“Este es un relato de un viaje a través del agua: origen, destino y medio atravesado desde el que observo la tierra. ¿Por qué el agua? Porque cerca de ella me siento cómoda, me invade la calma y el paisaje rellena mis agujeros de persona urbana, aquellos que se forman al vivir rodeada de cemento”.
Que la naturaleza que nos rodea conforma nuestra forma de interpretar la realidad, y por supuesto de pensar, es algo sobre los que nos cuesta muchísimo reflexionar. Tres formas de atravesar un río (Ediciones Menguantes, 2021), de la argentina Agustina Atrío (Rosario, 1990) es un ejemplo de cómo todas nuestras experiencias y relaciones vienen condicionadas por el impacto que la geografía tiene en nuestra visión del mundo. Y lo hace a través de un elemento sin el que no podríamos sobrevivir. Fuente de nuestra existencia; el agua. Se trata de un diario de viaje por los ríos que la acompañaron en su vida: desde el río Paraná en Argentina, pasando por el Manzanares en España, hasta los ríos Limmat y Sihl en Suiza: “El agua, sin embargo, no es el motor de este viaje. Lo es una serie de búsquedas: el deseo de experimentar la vida en lugares nuevos, el amor, las casualidades”.
“¿Cómo influye la geografía en nuestra forma de nombrar? ¿Qué palabras se crean en ella?”, formula la escritora a lo largo de un recorrido por sus vivencias, sentimientos y deseos en geografías muy distintas, en donde ha sido capaz de experimentar sentimientos de nostalgia diferentes, “una nostalgia del agua”. Para ella, las ciudades pueden conocerse por los ríos que las conforman. Atendiendo a su forma, a su recorrido, a su hábitat y a su relación con todos los elementos con los que cohabita: “Huelo el río en contacto con mis cabellos, lo saboreo, lo siento acariciar mi piel y sigo el murmullo de su vaivén. Cada una de estas relaciones entre el río y mis sentidos se queda grabada en mi memoria a pesar del tiempo y la distancia, como cuando dentro de nuestra cabeza recordamos la voz de una persona querida”.

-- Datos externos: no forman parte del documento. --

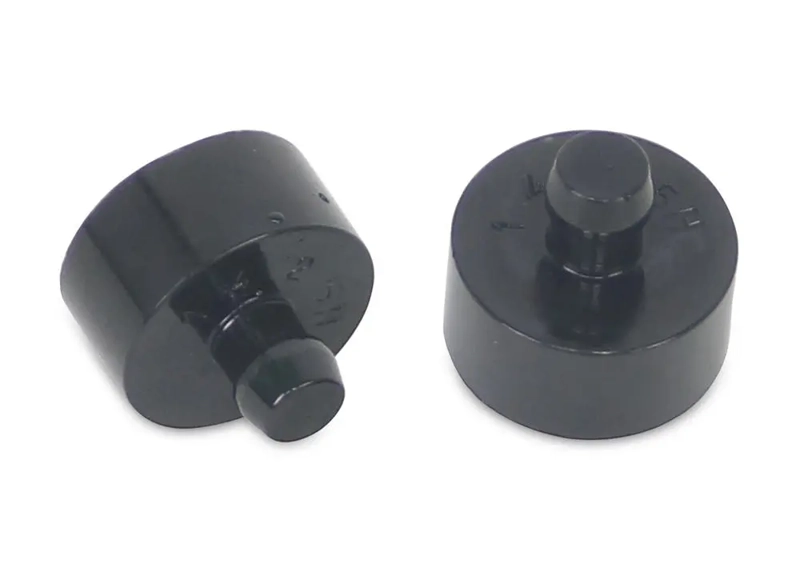 Triumph TR7 & TR8 Rear Tramp Rod Bump Stop Bush Kit 26mm SuperPro Poly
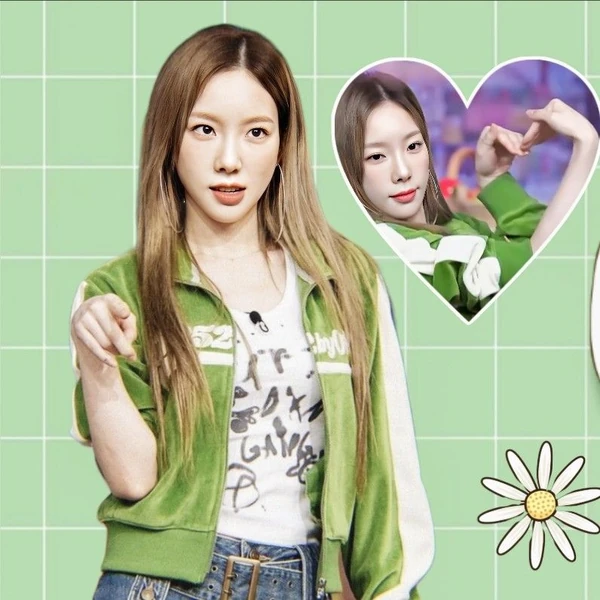 Fans' Pick: Best Moment of Taeyeon (Girls' Generation)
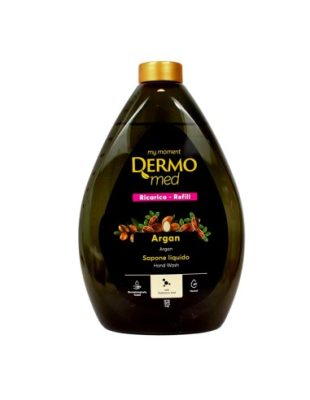 DERMOMED ARGAN 1L T.SAPUN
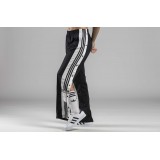 adidas Originals ADIBREAK PANT CV8276 Μαύρο Εικόνα 1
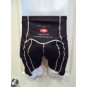 New Sugoi Womens RS Pro Shorts Large White/Black/Red Cycling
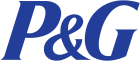 P&G logo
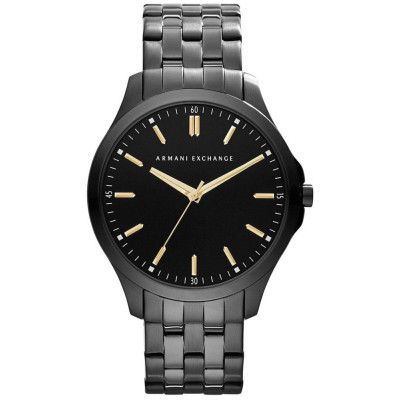 Armani Exchange® Analogue 'Hampton' Men's Watch AX2144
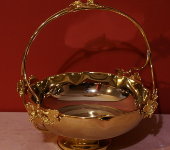 Ваза для фруктов, Chinelli 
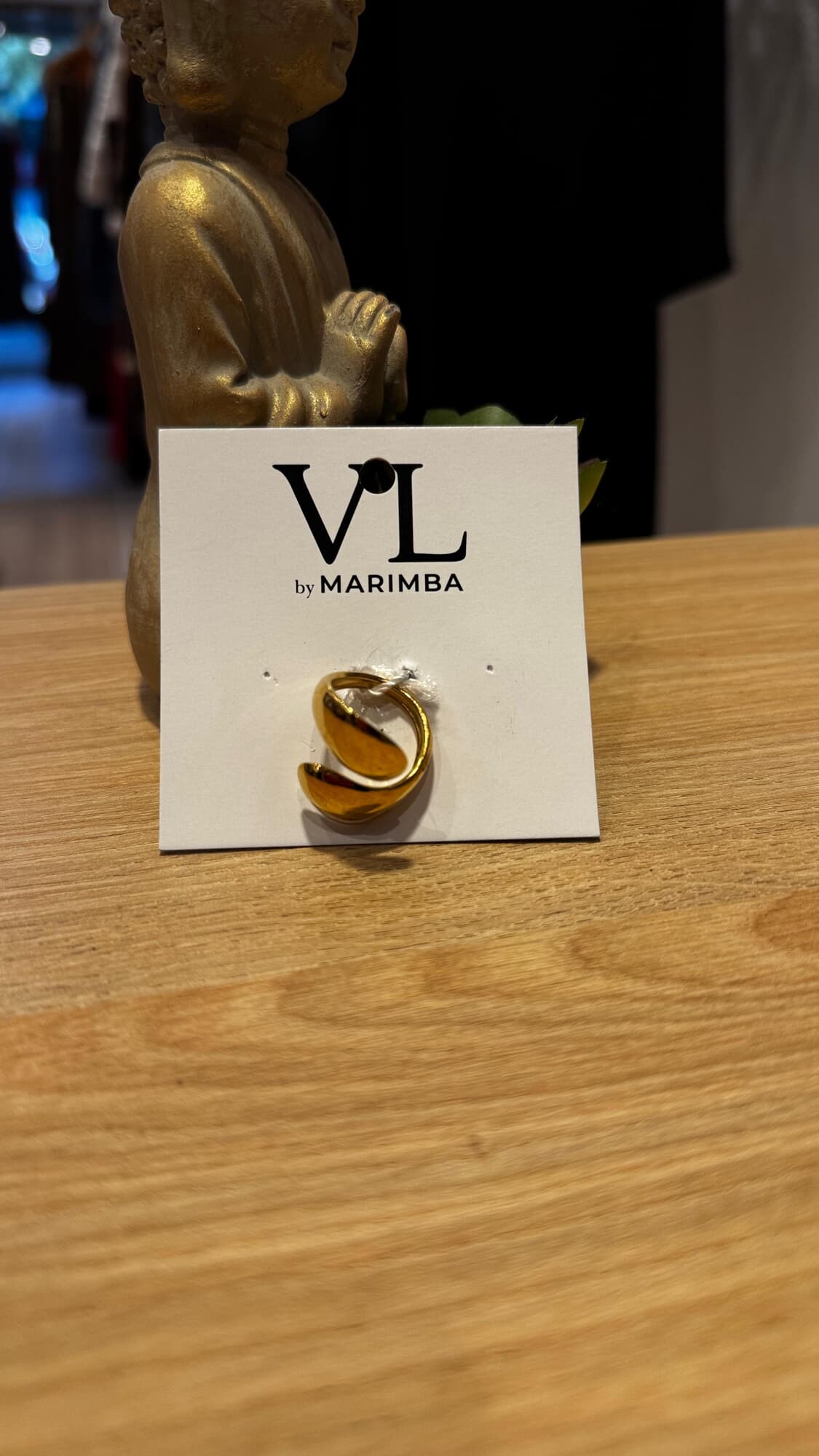 ANILLO ZING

La metáfora de atravesar un río es la de la vida misma. Que fluye. Que se estanca. Que se contamina. Que se bifurca. Que inicia. Y que termina. En el recorrido por esos tres países, Agustina nos plantea que pasaría si pudiéramos hablar con ellos y preguntarles qué sienten ellos respecto a nosotros. Pero después de leerla yo me planteo si no es más una invitación para empezar a hablar con nosotros mismos. A recoger todas las palabras que parecen estar dispersas a lo largo de todos esos ríos: “Palabras asfálticas. Palabras sin agua. Palabras encerradas en barrios a través de avenidas. Palabras de nostalgia, a veces también de hastío. Palabras que buscan correr, fluir”
Este viaje, que habla de inicios, de nuevos idiomas, de partidas y de desarraigo, es también una voluntad de reflejar de alguna manera las marcas que ese desplazamiento genera: “Los viajes, así como nuestras experiencias, se marcan en nuestro cuerpo, dejan huella en nuestra piel. A veces estas marcas se pueden ver […] sin embargo hay muchas que permanecen invisibles. Se puede trazar un mapa de los lugares visitados y los lugares vividos. Pero ¿cómo trazar el mapa de las marcas que quedan en el cuerpo? ¿Donde quedan marcados, por ejemplo, el silencio y la soledad?”. Atrío, como el agua, es capaz de diluirse en diferentes realidades. Empezando desde cero. Porque cuando nos movemos es cómo si aprendiéramos a hablar de nuevo. Por diferentes cauces: “Viajar da perspectiva y enseña, pero también puede ser un compendio de paisajes por donde arrastramos nuestra carga, esa carga que fingimos no ver hasta que la encontramos ahí detrás, sobre la espalda”. Tres formas de atravesar un río establece otro tipo de conexión con la realidad, quizás más profunda. Con desvíos. Que camina a su ritmo. Contemplando el espectáculo de la naturaleza. Llegando – si es que alguna vez es posible – a su curso.